I watched Erin Burnett Out Front on CNN last Thursday and heard arguments about whether or not Mexican Barbie depicts racism.
I’ve read both positive and negative comments about the doll coming from women with Latin-American last names.
The woman on the show arguing against the doll pretty much hates Barbies in general.
She says the dolls set unrealistic standards of beauty for little girls, that they are the reason young women grow up anorexic, bulimic, depressed, suicidal, etc.
She also said it was wrong for Mexican Barbie to have a passport and a Chihuahua.
Here I go:
I have Mexican friends who own hot pink frilly dresses.
This particular dress is the regional attire for cultural dancers in the state of Jalisco.
Sometimes my friends throw parties to get together and dance on stage in front of everyone.
(If you don’t believe me, you can watch the video minute 11:37).
I also have Mexican friends who own Chihuahua dogs.
Not because it is a Mexican breed of dog, but because it is a small dog and us Mexicans tend to have less real estate than say- White people.
So having a small dog if you live with several other people in a small house is just more practical.
As for the passport?
I have lots of Mexican friends who have those too.
What’s the big deal? Don’t white people have passports? I think Black people do too.
Mexican Barbie isn’t even a new thing.
When I was little, I had 16 Barbies and two Kens and one or two babies.
Not all the Barbies were white. Barbie had racially diverse friends.
One of them, a tanned brunette sold by Mattel under the name of Theresa, was my favorite. In fact, I still have her.
Plus another red-head variation wearing a typical Mexican knit dress my grandmother made for her.
Is that racist?
I had my dad make them a Barbie dream house to my specifications, plus they had a Barbie mall and a Barbie ranch, and of course, the Barbie Corvette.
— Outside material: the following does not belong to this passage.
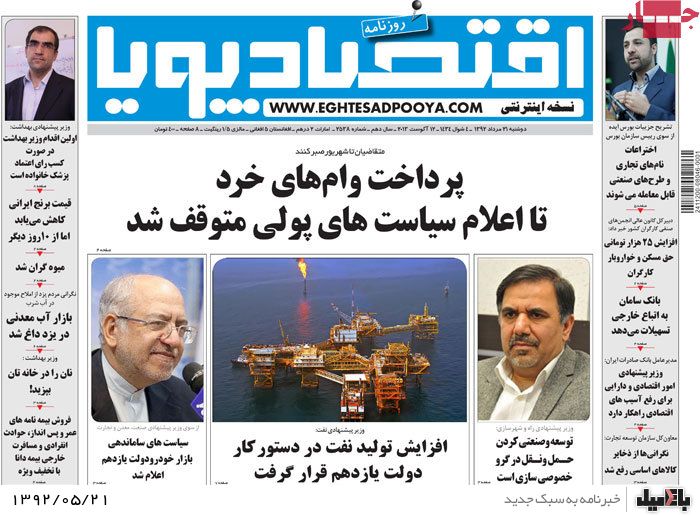 روزنامه های دوشنبه 21 مرداد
My friends and I would sew clothes and make minute jewelry for them which they would sell and buy at the mall, where they would also have their hair done.
While Barbies were at work one of the Kens stayed home to cook and do laundry.
The other Ken tended to the ranch with another Barbie.
But there was always something funny about the way Barbie looked.
It didn’t have to do with her dimensions.
Let me explain.
When I was eight, my friend Elenita and I were creating soap-opera style dialogues for our dolls.
One of the Kens cheated on his wife with another Barbie.
It started as a kiss.
But then Elenita took their clothes off and- well- you know.
Ken had no penis.
Barbie had no vagina.
So obviously I grew up knowing Barbie dolls are not based on actual human anatomy.
I didn’t expect to look like her as an adult any more than I expected to look like a Cabbage Patch doll or stuffed Teddy Bear.
And as for the Bulimia/Anorexia thing?
Honestly if parents blame something that serious on the way a toy looks, maybe they just aren’t taking responsibility for their communication faults?